One guy who didn’t want Eagles-Ravens preseason game canceled: Clayton Thorson

There were plenty of people who were happy on Thursday night when the Eagles-Ravens preseason game was canceled with 11 minutes and 43 seconds still left to play. 

Clayton Thorson was not one of them. 

“Really disappointed,” Thorson said this week. “You come here to play football and you practice throughout the week and you don’t play in the game. It was disappointing, but I don’t control that so I can’t sit here and think about that all the time. It’s kind of the 24-hour rule when you play a game. You’re in and you’re out. 

“Just a bummer. But gotta come back and have a good week at practice and then play well this Thursday.” 

Last Thursday night was supposed to be a chance for Thorson to build on his positive performance in Week 2 of the preseason. But in his third taste of NFL action, Thorson played just three snaps. He threw just one pass, an incompletion. 

After Thorson’s three-and-out, the Ravens’ offense was on the field early in the fourth quarter when a bolt of lighting drew “oohs” and “aahs” that could even be heard on the game broadcast. The field was cleared and players were forced to return to their locker rooms. 

Twenty-four minutes later, the game was canceled. Fans and players were told to head home. 

“That was weird,” Thorson said. “It was crazy, we just had our first possession and it was like we just got struck by lightning basically. It was a bummer. But then in the locker room, after a little bit of time, they came to us and said, ‘We’re going to call the game.’ Definitely bummed, especially because you only get a few opportunities.” 

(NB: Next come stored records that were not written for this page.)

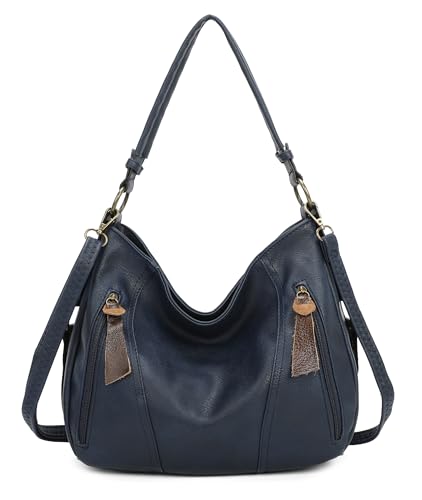 ITALYSHOP24 OBC Damen Tasche Shopper Hobo-Bag Schultertasche Leder Optik Umhängetasche Handtasche Crossover Reisetasche Beuteltasche Handtasche Dunkelblau von ITALYSHOP24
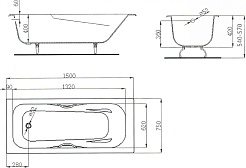 Maroni Ванна чугунная Colombo 1500x750 с ручками (445974) – фотография-2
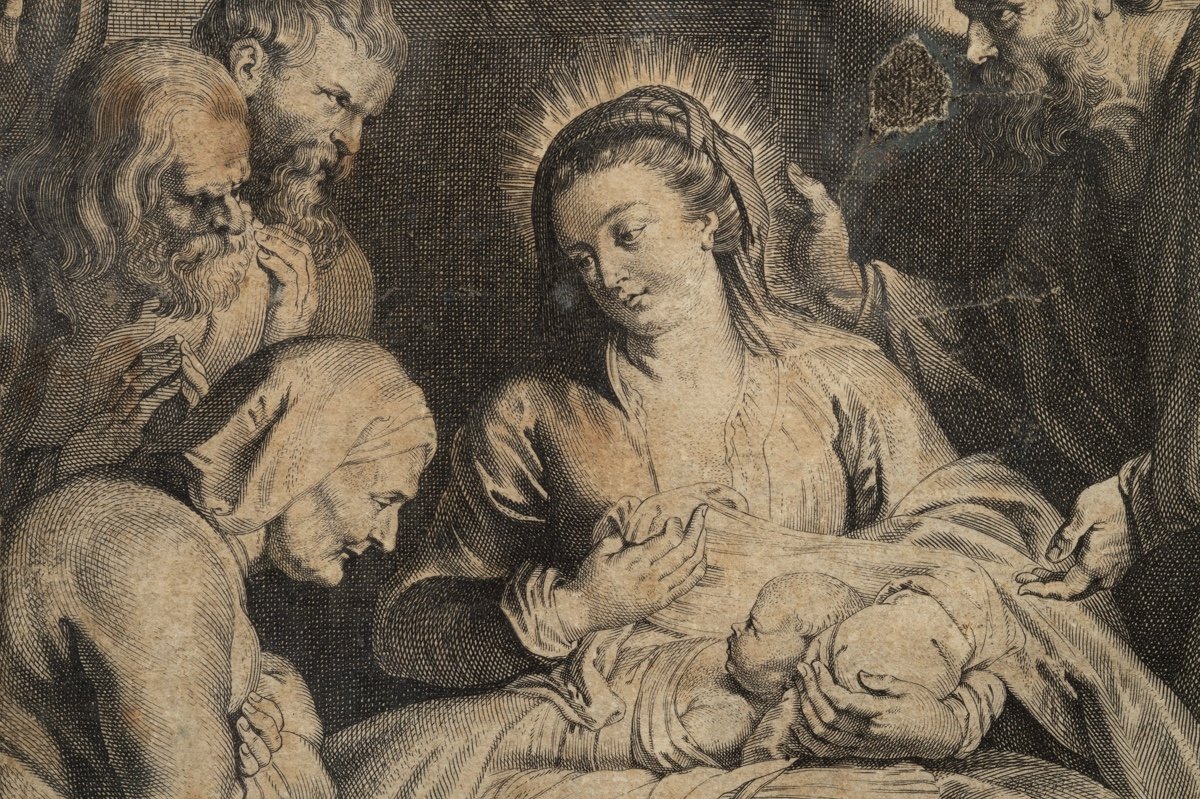 Adoration Des Bergers, Gravure, D’àpres P.P. Rubens, Lucas Vorsterman I (1595-1675) Anvers 1620-photo-4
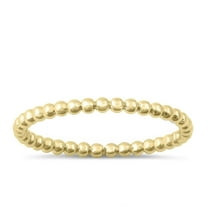 CHOOSE YOUR COLOR Thin Stacking Dot Beaded Ring .925 Sterling Silver Band Jewelry Female Male Size 3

The Eagles’ fifth-round developmental quarterback from Northwestern was coming off an impressive performance in his second preseason game and a really great week of practice. That came after a horrendous performance in the first preseason game. So Thursday was a chance for him to build on his progress. 

He threw one pass. 

The good news is that after his impressive performance in Week 2 of the preseason, Thorson looked like a completely different guy at practice against the Ravens. It was clear that his confidence peaked. There’s a lot for a rookie quarterback to deal with and worry about early in training camp, but he’s made huge strides over the last month. 

“I think just starting out your first training camp, I think there’s so much to learn,” he said. “So I think I’ve learned in every facet, whether that’s having a routine, whether that’s going about reading defenses, knowing our offense. I think everywhere has improved. I think it’s been a good camp.

“I think as I get more comfortable in the offense and seeing the defenses, I think it has slowed down.” 

The Eagles will eventually have a decision to make about Thorson. They can either try to cut him and sneak him through waivers to their practice squad or they can keep him on the 53-man roster as their fourth-string quarterback. It won’t necessarily be an easy decision because they don’t want to risk losing him. 

And with the game this Thursday in North Jersey against the Jets to close out the preseason, Thorson can make that decision a little harder — as long as lightning doesn’t get in the way again.  

“I’m looking forward to it,” Thorson said. 

For his sake, hopefully Mother Nature is too.